--- DATA Enclosed Below ---

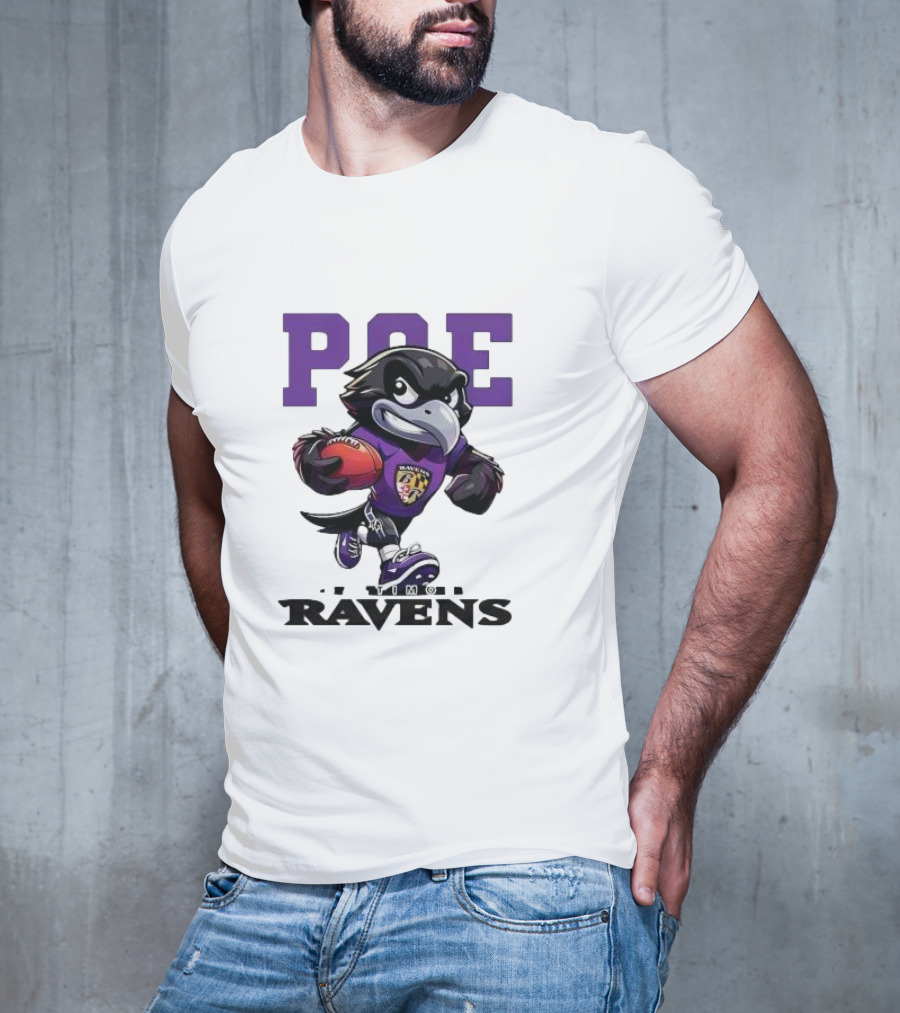 Poe Baltimore Ravens Mascot Football Character T-Shirt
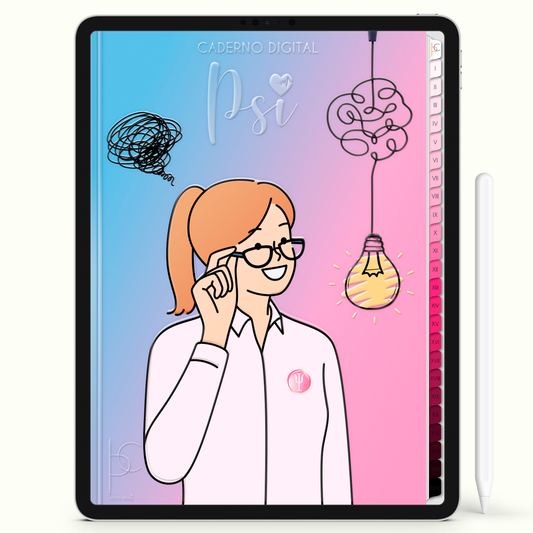 Caderno Digital Blush Psi Psicologia 24 Matérias • iPad Tablet Android • Download instantâneo • Sustentável
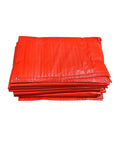 Dang Tough Insulated Concrete Blanket 6X25 Ft With Heavy Duty Grommets And Thick Foam Core For Winter Curing stacked and folded in bright red.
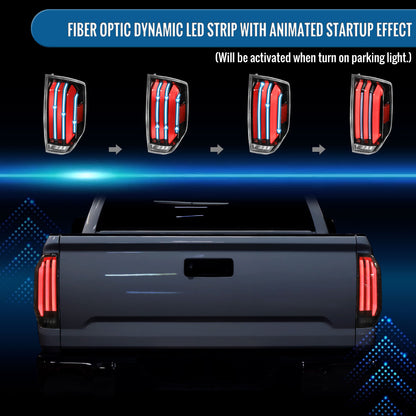 Ronnin - Fits 2014-2021 Toyota Tundra Pickup Truck Full LED Tail Lights Integrated Brake and Sequential Turn Signals + Animated Startup Effect Parking Assembly Pair | Glossy Black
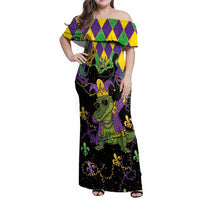 Mardi Gras Alligator Family Matching Off Shoulder Maxi Dress and Hawaiian Shirt Mardigator On Tuesdays We Wear Beads - Wonder Print Shop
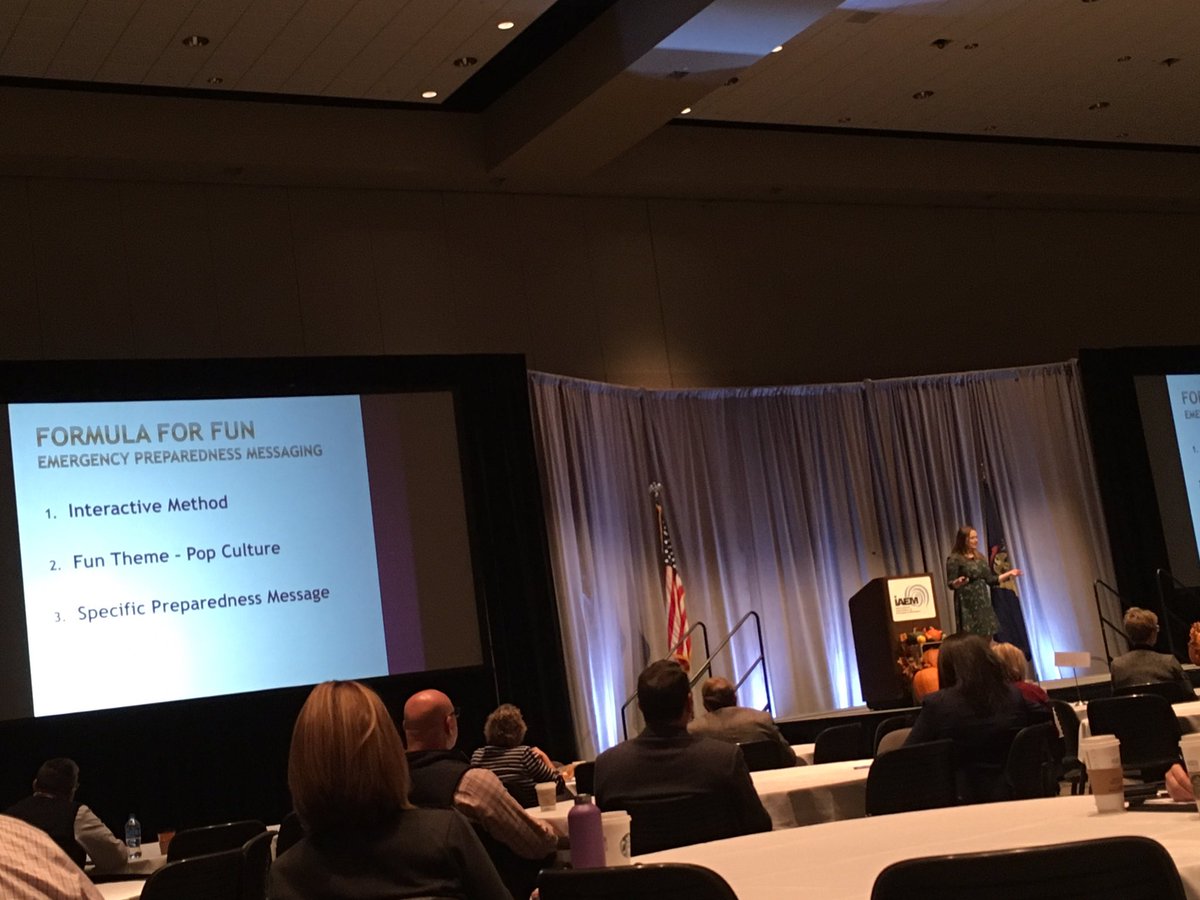 WeAreIDSS's tweet photo. Outreach tactics that translates to #NWSIDSS - Make it Fun! Interactive! Focus on a specific message - Approaches to Emergency Preparedness, Jenny Novak, CEM, Emer. Svcs. Coordinator, Cal OES #IAEM18 https://t.co/HGysBxWTnO
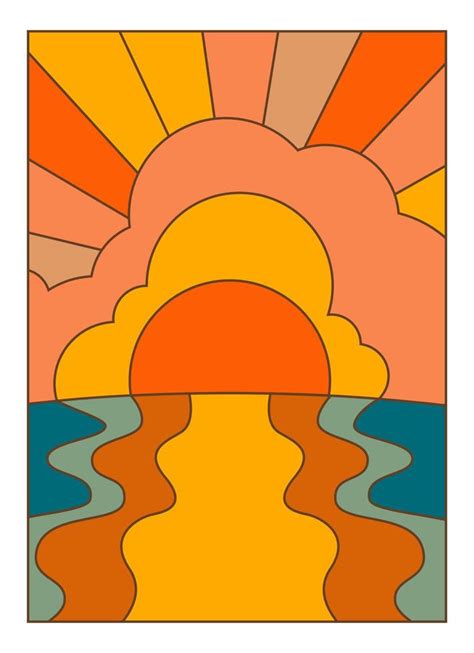 Horizon with sunset over lake or sea water mass 17519833 Vector Art at ...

--- End of Enclosed DATA ---

■ **AIM OF THE TASK**
The records above should be written out in full and unchanged, except that pictures are dropped.

■ **RESULT**
 Poe Baltimore Ravens Mascot Football Character T-Shirt
 Caderno Digital Blush Psi Psicologia 24 Matérias • iPad Tablet Android • Download instantâneo • Sustentável
 Dang Tough Insulated Concrete Blanket 6X25 Ft With Heavy Duty Grommets And Thick Foam Core For Winter Curing stacked and folded in bright red.
 Ronnin - Fits 2014-2021 Toyota Tundra Pickup Truck Full LED Tail Lights Integrated Brake and Sequential Turn Signals + Animated Startup Effect Parking Assembly Pair | Glossy Black
 Mardi Gras Alligator Family Matching Off Shoulder Maxi Dress and Hawaiian Shirt Mardigator On Tuesdays We Wear Beads - Wonder Print Shop
 WeAreIDSS's tweet photo. Outreach tactics that translates to #NWSIDSS - Make it Fun! Interactive! Focus on a specific message - Approaches to Emergency Preparedness, Jenny Novak, CEM, Emer. Svcs. Coordinator, Cal OES #IAEM18 https://t.co/HGysBxWTnO
 Horizon with sunset over lake or sea water mass 17519833 Vector Art at ...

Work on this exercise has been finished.